I request that one of the search alternatives allow you to go to the start of a commentary in the series. For example, when I chose Titles search and put in Mark, the search engine did not take me to the start of the commentary on Mark. Instead I went to a heading, "Mark and Q." The next down carrot went to another topic on Mark, but not to the commentary start.

 

Then I tried Luke and went to "Mark in relation to Luke and Q," instead of the the start of the commentary on Luke. Since it is not manifest which books have commentary in the set and which don't, this compounds the problem. It appears that one has to search for 27 titles for 27 books, but the search engine does not make the search easy.

 

Thus a desirable feature would be to be able to navigate quickly to the start of a commentary for a given book.
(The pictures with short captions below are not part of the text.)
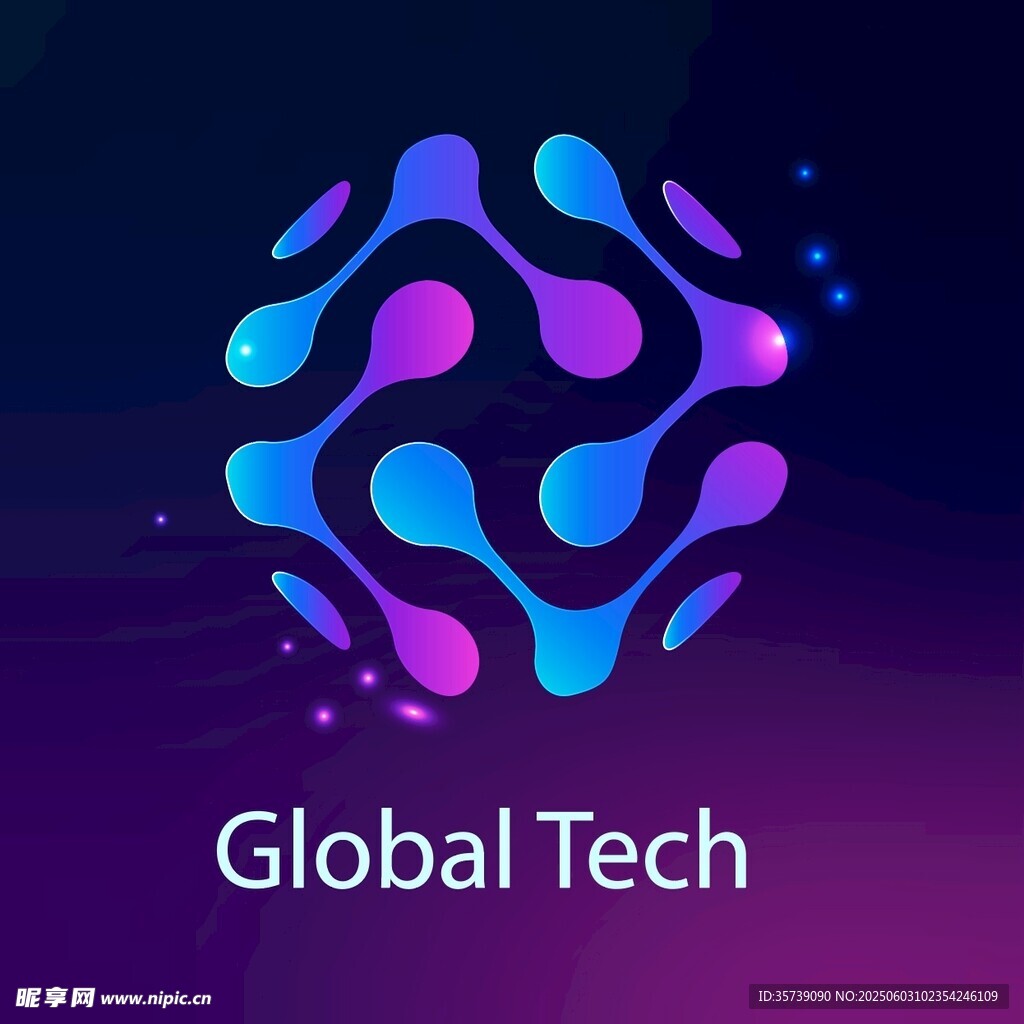 全球科技主题抽象图标
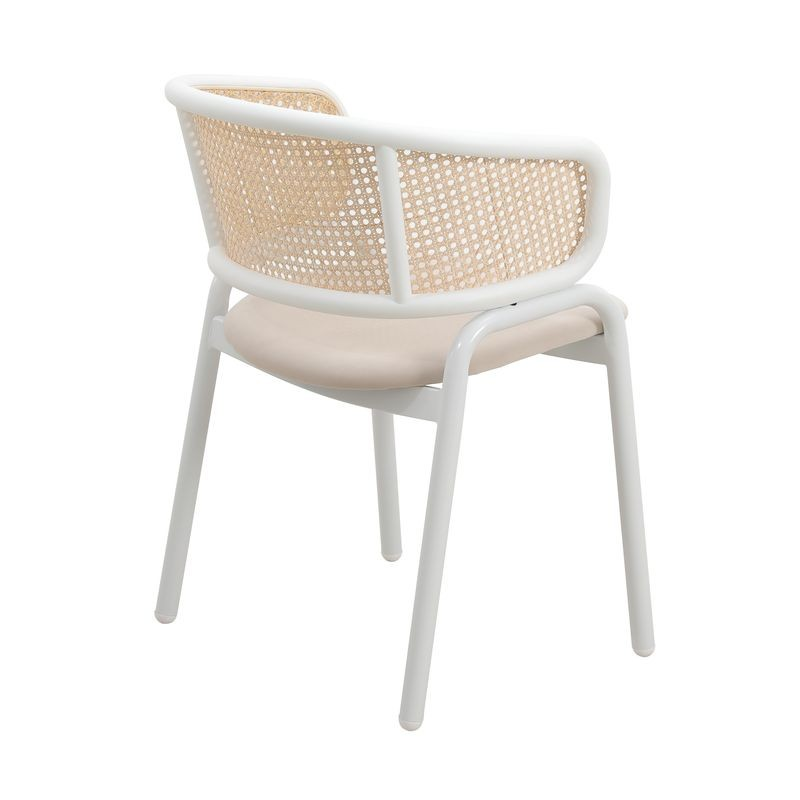 Leisuremod Ervilla Modern Dining Chair with White Powder Coated Steel Legs and Wicker Back Beige Angled View.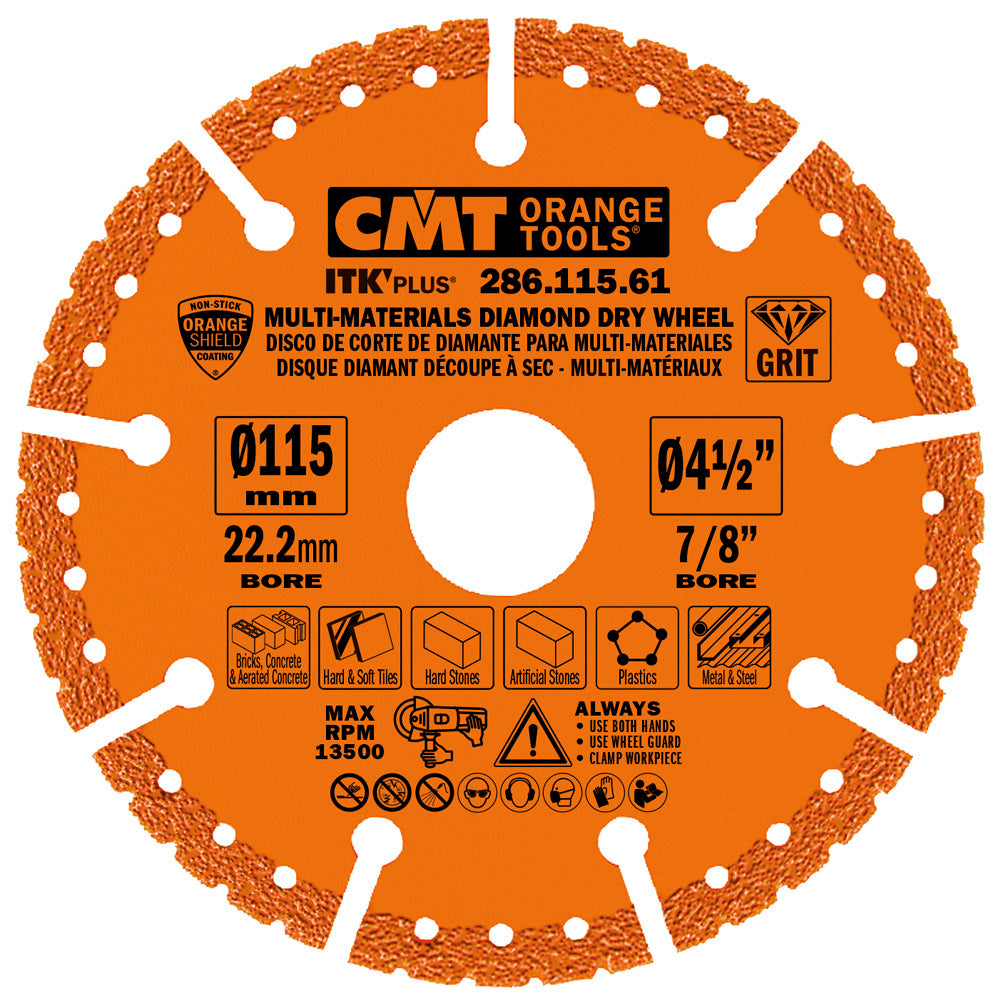 MULTIMATERIAL CUT.WHEEL HW-GRIT D=115 B=22.23+15.88+9.5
If one chose a book that the set doesn't have, the search engine would report that fact.

 

Also, it would be nice to have at the start of a commentary module a list of the books which have commentary -- alternatively it might say, "This set has commentary on all books of the NT except Philemon."

 

When I tried searching for "The Gospel of Luke," the result was "these words . . . were not found." Yet those words are there, albeit "THE GOSPEL OF" and "LUKE," are on successive lines. (Incidentally, this capitalized title is not "shouting." Capital letters do not constitute shouting, just a different font and a quotation of what Accordance has in its module; caps are sometimes used for emphasis. Shouting is an auditory event, not a visual event. When angry words are emphasized with caps, that might be called analogous to shouting, but general use of caps is not analogous to shouting; nor is the use of caps for a title shouting -- rather it is a common & old custom). When there were only 2 fonts available on most internet word processors, caps were useful; but somehow someone dreamed up the general objection to capitals as shouting.